Going line by line through the records below, write out everything starting with the line containing "Vista 118 de" and going on through the line containing "Crème antibactérienne pour", exactly and inclusively. Pictures do not go in.

**Input data:**
- Opening Delimiter -
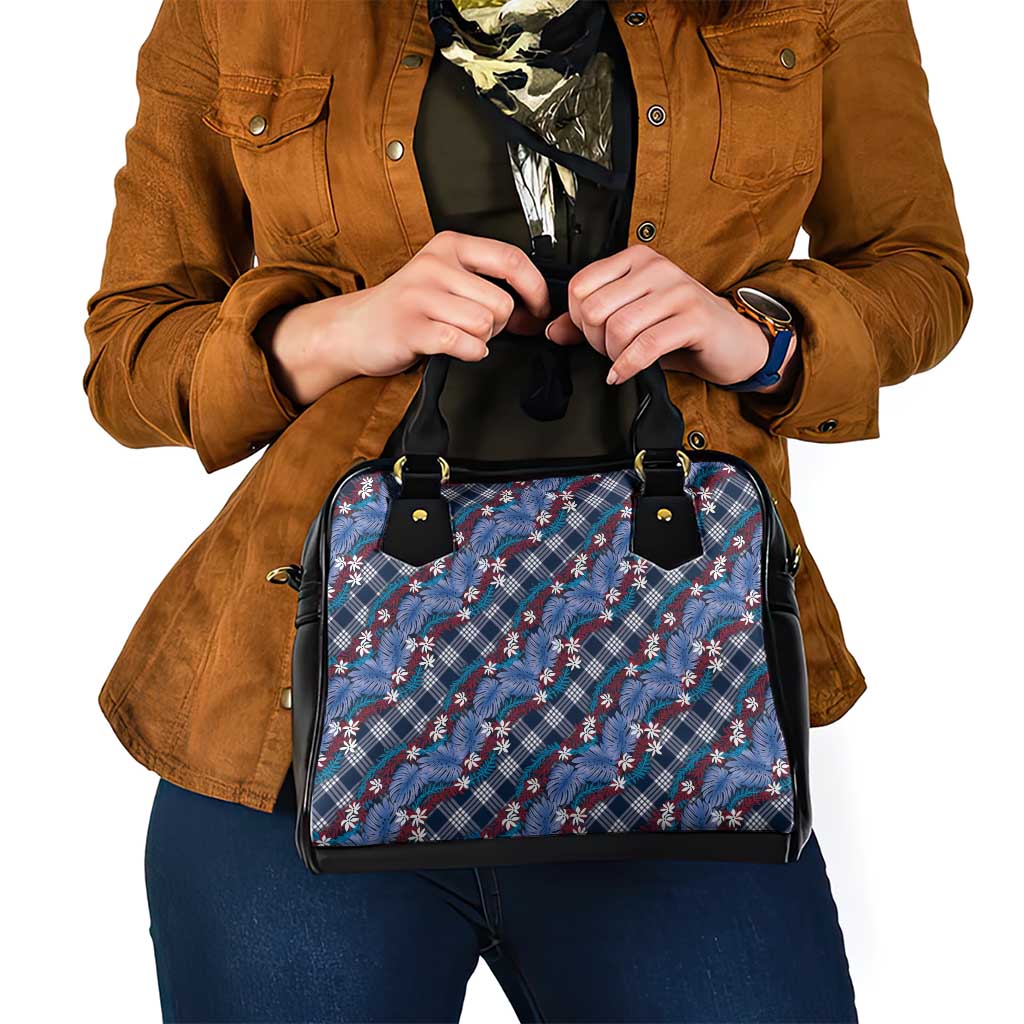 Polynesian Monstera Tiare Floral Shoulder Handbag Royal Blue Tropical Plaid LT01 - Polynesian Pride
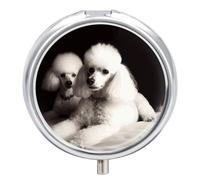 French Poodle Pill Box 3 Compartment Small Pill Case with Mirror for Purse & Pocket Travel Medicine Organizer Daily Medication Container Portable Pillbox Metal Medicine Box Round Meds Case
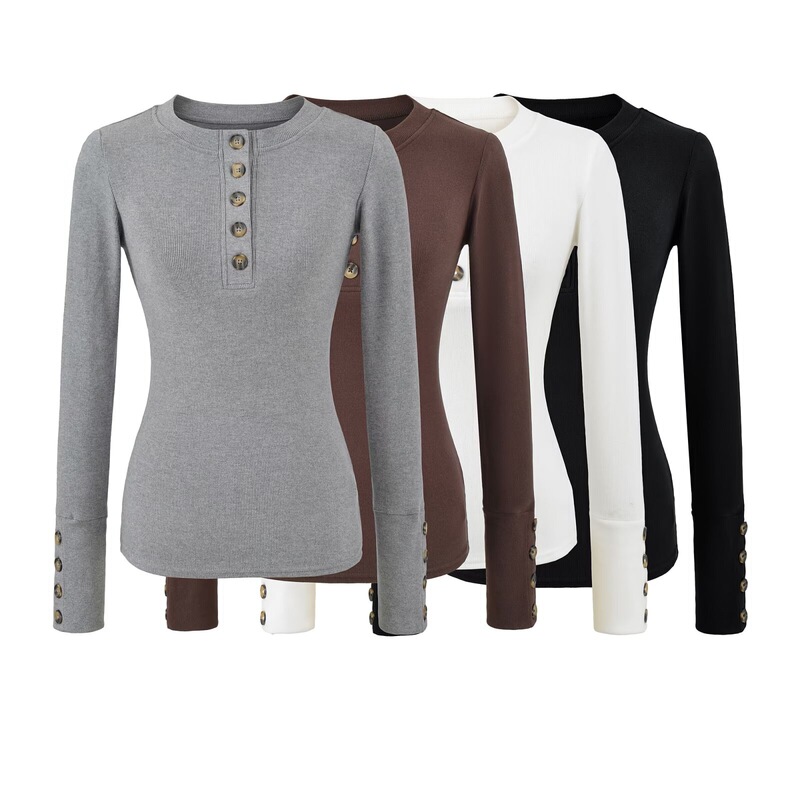 Mousse Fleece Henley Collar Button Long Sleeve 2025 Winter New Versatile Regular Shoulder T-Shirt Base Shirt Waist Slimming Mousse Fleece Henley Collar Button Long Sleeve 2025 Winter New Versatile Regular Shoulder T-Shirt Base Shirt Waist Slimming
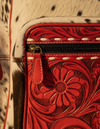 Red Tooled Leather Backpack – Black and White Hair-On Body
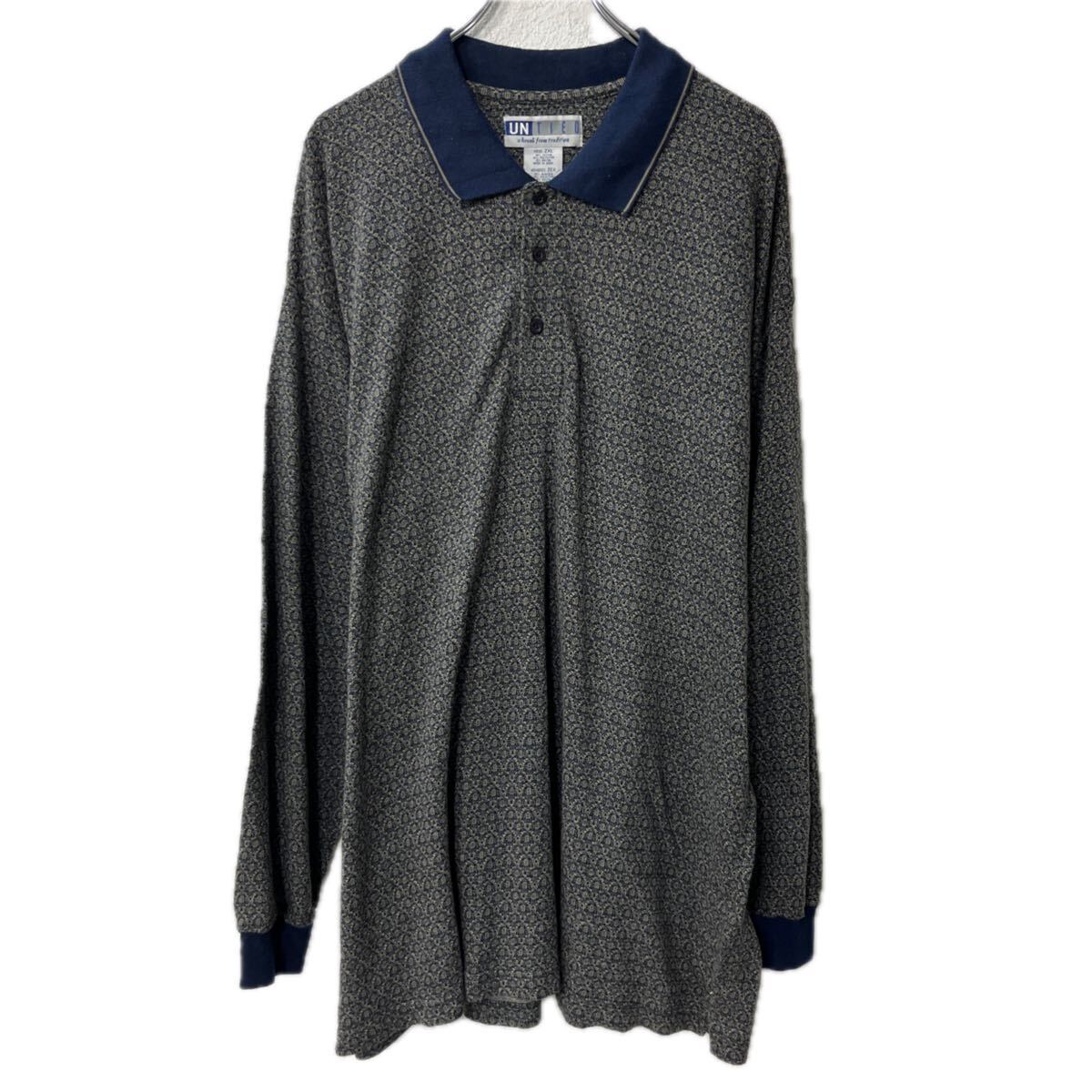 【中古】【古着】 UNTIED 長袖 ポロシャツ 2XL ネイビー ブルー ベージュ 総柄 ビッグサイズ プルオーバー 秋物 a711-5720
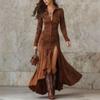 English Dress Long Sleeve Round Neck Zip Back Asymmetrical Hem For Casual Autumn
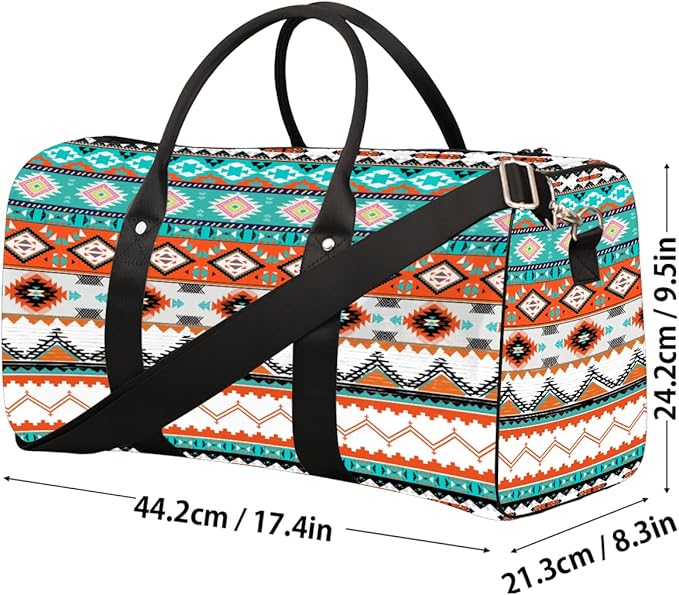Travel Duffel Bag Western Aztec Sport Tote Gym Bag Waterproof Foldable Carryon Weekend Overnight Training Handbag Sports Duffle Bags for Women Men Boys Girls,A-1
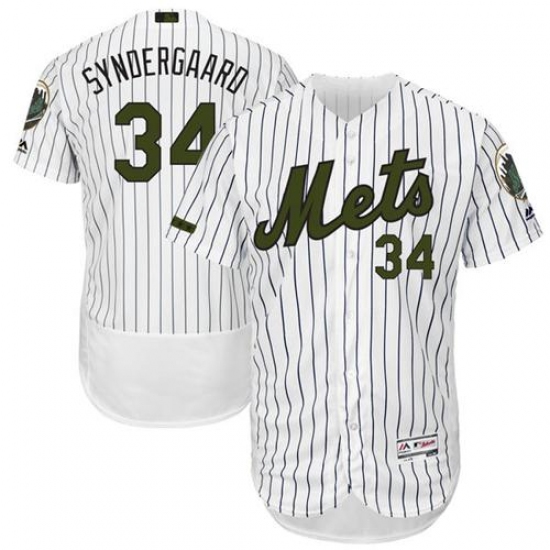 Men's Majestic New York Mets #34 Noah Syndergaard White Memorial Day Authentic Collection Flex Base MLB Jersey - Ujersey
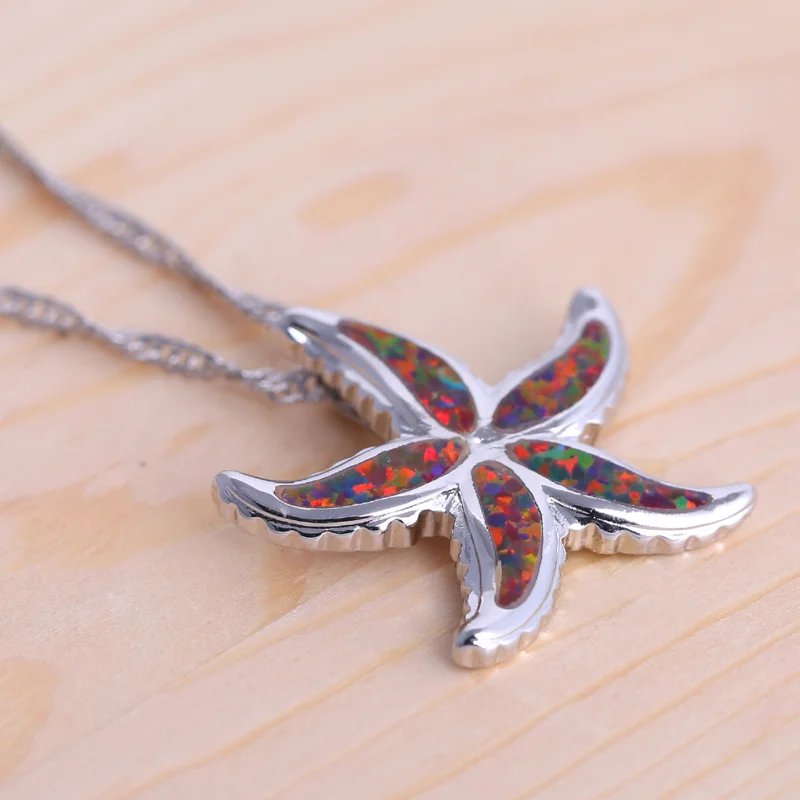 Ожерелье с подвеской в виде морской звезды опала|fire opal|orange fire opalopal opal |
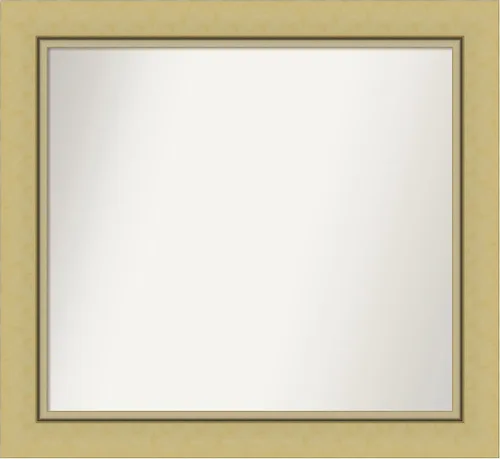 Vista 118 de Amanti Art Landon Gold Espejo de baño, espejo de pared o espejo de tocador de baño sobre el fregadero (26.25 x 26.25 pulgadas) Espejo no biselado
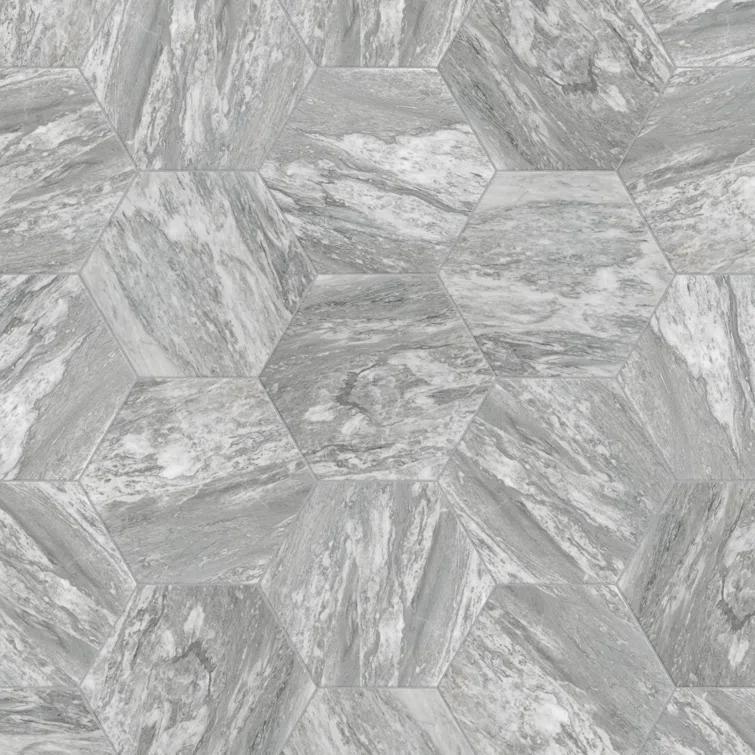 Marbilia Hex Bardiglio w/Biotech 11" x 13" Porcelain Marble Look Wall & Floor Tile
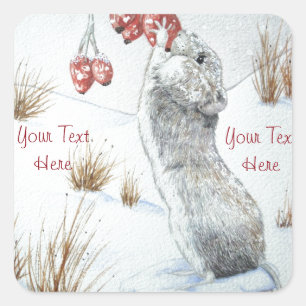 Cute mouse wildlife snow scene for christmas square sticker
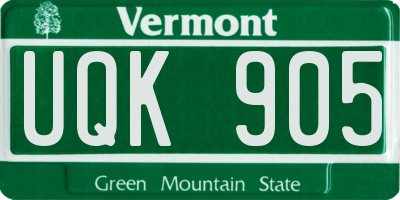 VT license plate UQK905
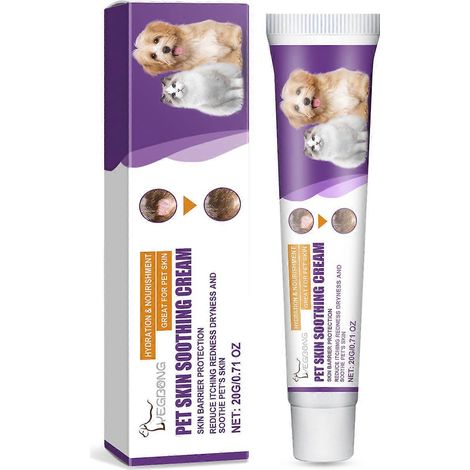 Crème antibactérienne pour le soin de la peau des animaux de compagnie - Baume apaisant et naturel pour réparer la peau et soulager les inconforts, 20 g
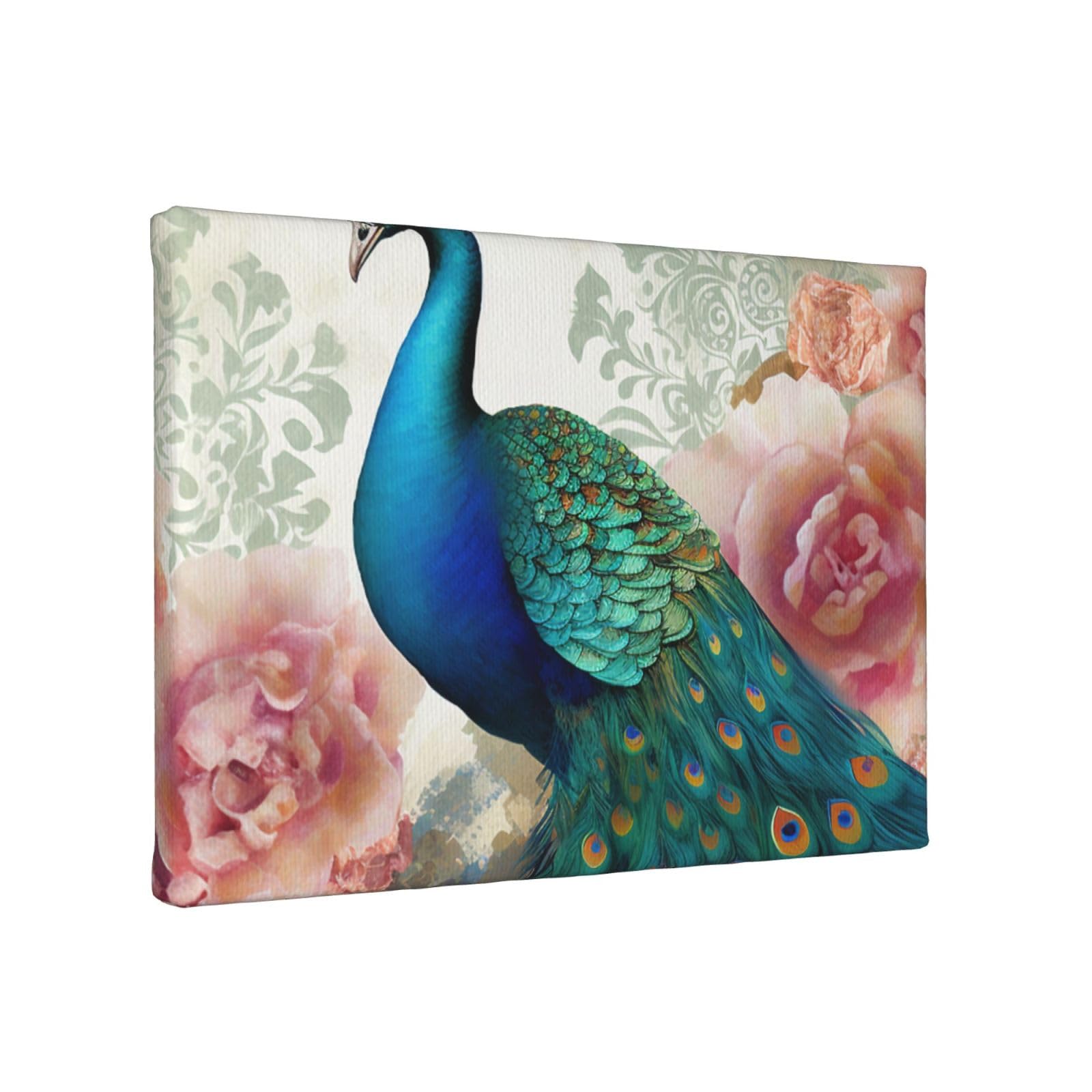 YKLJG Beautiful Peacock and Floral Printed Wall Art Canvas Painting 30x20 CM Wooden Framed Picture Painting Artwork Prints for Bedroom Kitchen Home Office Decor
- Closing Delimiter -
**Reply:**
 Vista 118 de Amanti Art Landon Gold Espejo de baño, espejo de pared o espejo de tocador de baño sobre el fregadero (26.25 x 26.25 pulgadas) Espejo no biselado
 Marbilia Hex Bardiglio w/Biotech 11" x 13" Porcelain Marble Look Wall & Floor Tile
 Cute mouse wildlife snow scene for christmas square sticker
 VT license plate UQK905
 Crème antibactérienne pour le soin de la peau des animaux de compagnie - Baume apaisant et naturel pour réparer la peau et soulager les inconforts, 20 g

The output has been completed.